Repeat everything in the listing exactly, except for the images.

(DATASET CONTENT Opens)

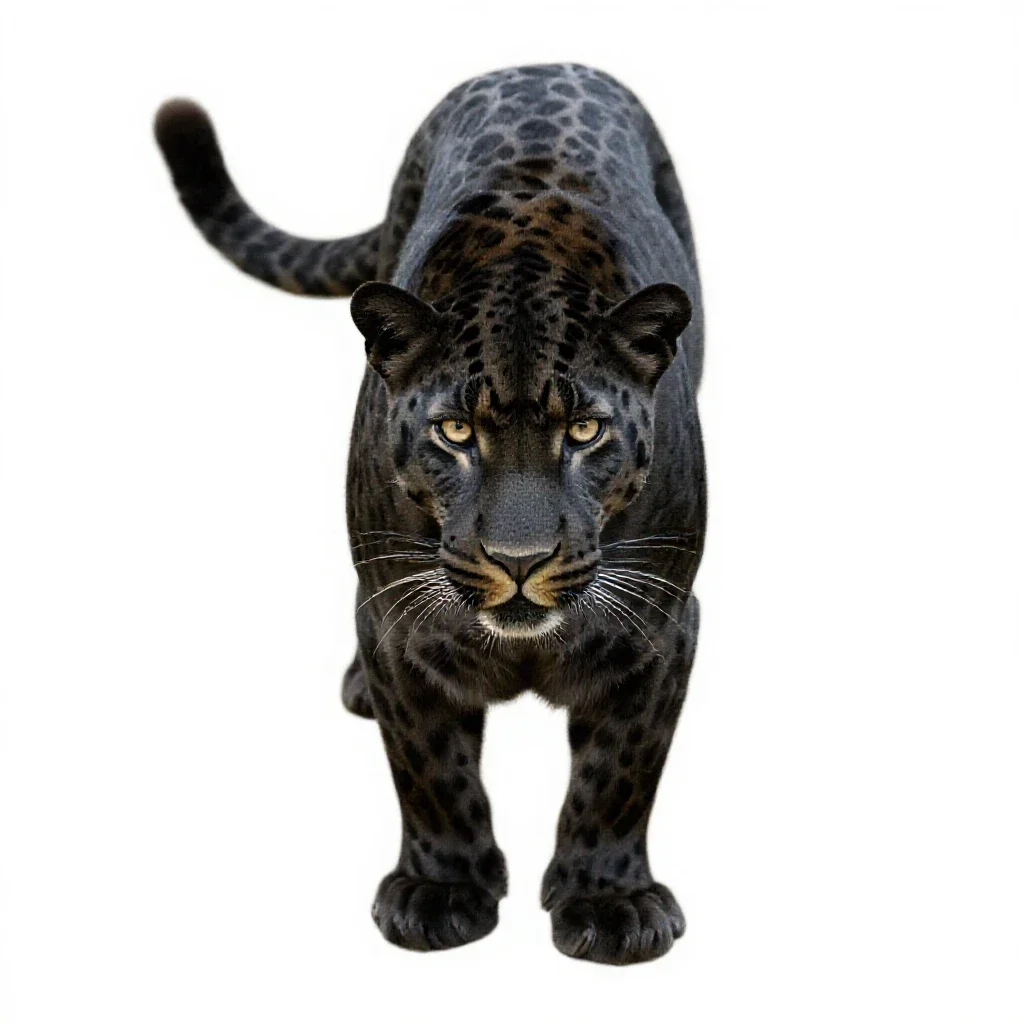 Panther isolated on a white background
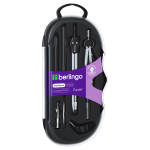 Готовальня Berlingo "Expert", 8 предметов, циркуль 135мм, пластиковый футляр. DS_00808, 231680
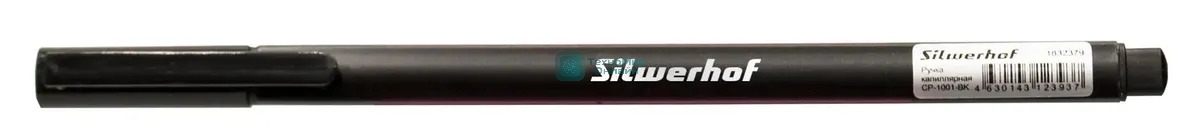 Ручка капиллярная Silwerhof 1832379, черные чернила, игловидный пишущий наконечник, линия 0.4мм, треугольная форма корпуса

(DATASET CONTENT Closes)

▶ **RESPONSE**
 Panther isolated on a white background
 Готовальня Berlingo "Expert", 8 предметов, циркуль 135мм, пластиковый футляр. DS_00808, 231680
 Ручка капиллярная Silwerhof 1832379, черные чернила, игловидный пишущий наконечник, линия 0.4мм, треугольная форма корпуса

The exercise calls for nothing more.